ITHACA, MI. (WLNS) – For the better part of a decade, the Ithaca football program turned into a powerhouse in Michigan. The Yellowjackets won five state titles (2010, 2011, 2012, 2013 and 2015) and went on a 69-game winning streak all under Terry Hessbrook.

Logan Hessbrook, the nephew of Terry, graduated from Ithaca in 2014 and was a part of three state titles and never lost a football game in high school. The standout wide receiver for the Yellowjackets then went on to play at Saginaw Valley State University.

Which is when things changed.

SVSU went 2-9 in Hessbrook’s first season with the team. He also broke his collarbone in the team’s sixth game. During his rehab to get back on the field, Hessbrook decided it was best for him to transfer to Central Michigan as a walk-on wide receiver.

“That’s where the mental health and awareness I had really started to develop,” Hessbrook said. “I went from being a quote-unquote big man on campus – like playing a true freshman – to you’re a walk-on and no one knows you.”

Hessbrook made the move from playing wide receiver to tight end and became a starter for the Chippewas, but that still didn’t change his battles off the field.

Anytime I would come home or talk I’d have with the community member in Mount Pleasant, it was always ‘How’s football going?,’ it was never ‘How’s Logan doing?'”

Since his playing days at CMU, Hessbrook has become the wide receivers coach at Ithaca for his brother Jordan, who took over for Terry in 2021. Logan is now making sure to share his experiences with those that used to look up to him when he was winning state titles in high school.
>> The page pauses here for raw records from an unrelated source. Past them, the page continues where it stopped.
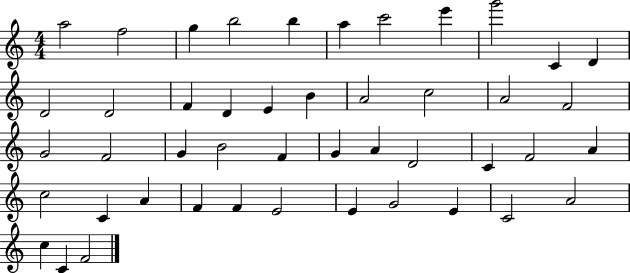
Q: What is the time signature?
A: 4/4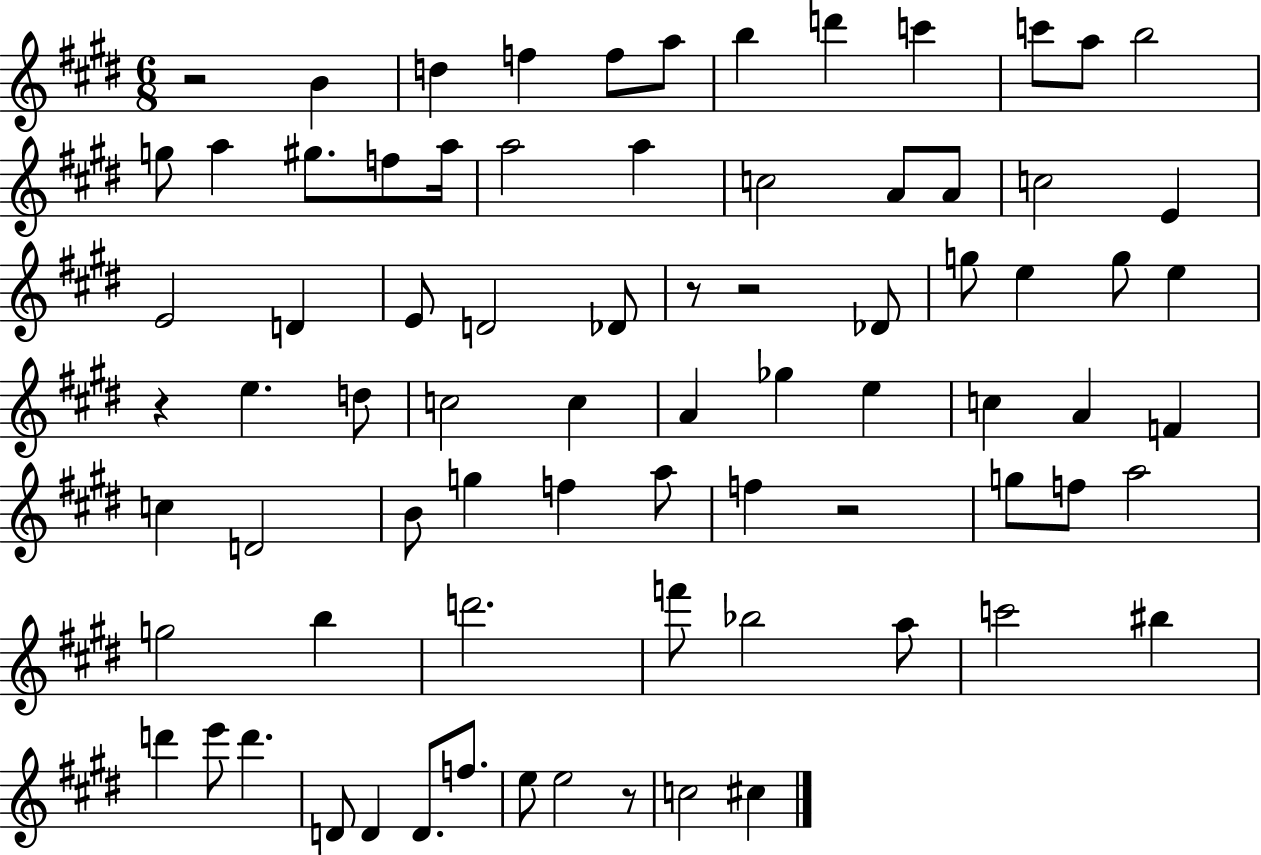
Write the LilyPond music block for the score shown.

{
  \clef treble
  \numericTimeSignature
  \time 6/8
  \key e \major
  \repeat volta 2 { r2 b'4 | d''4 f''4 f''8 a''8 | b''4 d'''4 c'''4 | c'''8 a''8 b''2 | \break g''8 a''4 gis''8. f''8 a''16 | a''2 a''4 | c''2 a'8 a'8 | c''2 e'4 | \break e'2 d'4 | e'8 d'2 des'8 | r8 r2 des'8 | g''8 e''4 g''8 e''4 | \break r4 e''4. d''8 | c''2 c''4 | a'4 ges''4 e''4 | c''4 a'4 f'4 | \break c''4 d'2 | b'8 g''4 f''4 a''8 | f''4 r2 | g''8 f''8 a''2 | \break g''2 b''4 | d'''2. | f'''8 bes''2 a''8 | c'''2 bis''4 | \break d'''4 e'''8 d'''4. | d'8 d'4 d'8. f''8. | e''8 e''2 r8 | c''2 cis''4 | \break } \bar "|."
}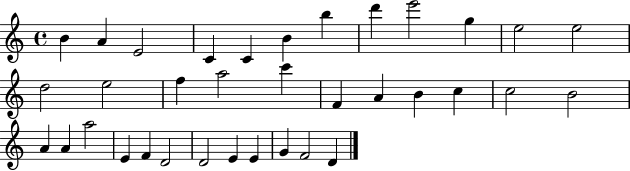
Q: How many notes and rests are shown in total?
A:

“These kids were 7 or 8 years old when I was going through high school and then knew about this winning streak,” Logan said. “That’s something I don’t want to be known for anymore, you know, that was a long time ago. I just want to be there for these kids through anything. Whether they need a talk at one in the morning, a talk at two in the morning, I want to be there for them.”

Logan has also been active on social media to share that it’s normal to experience a mental illness.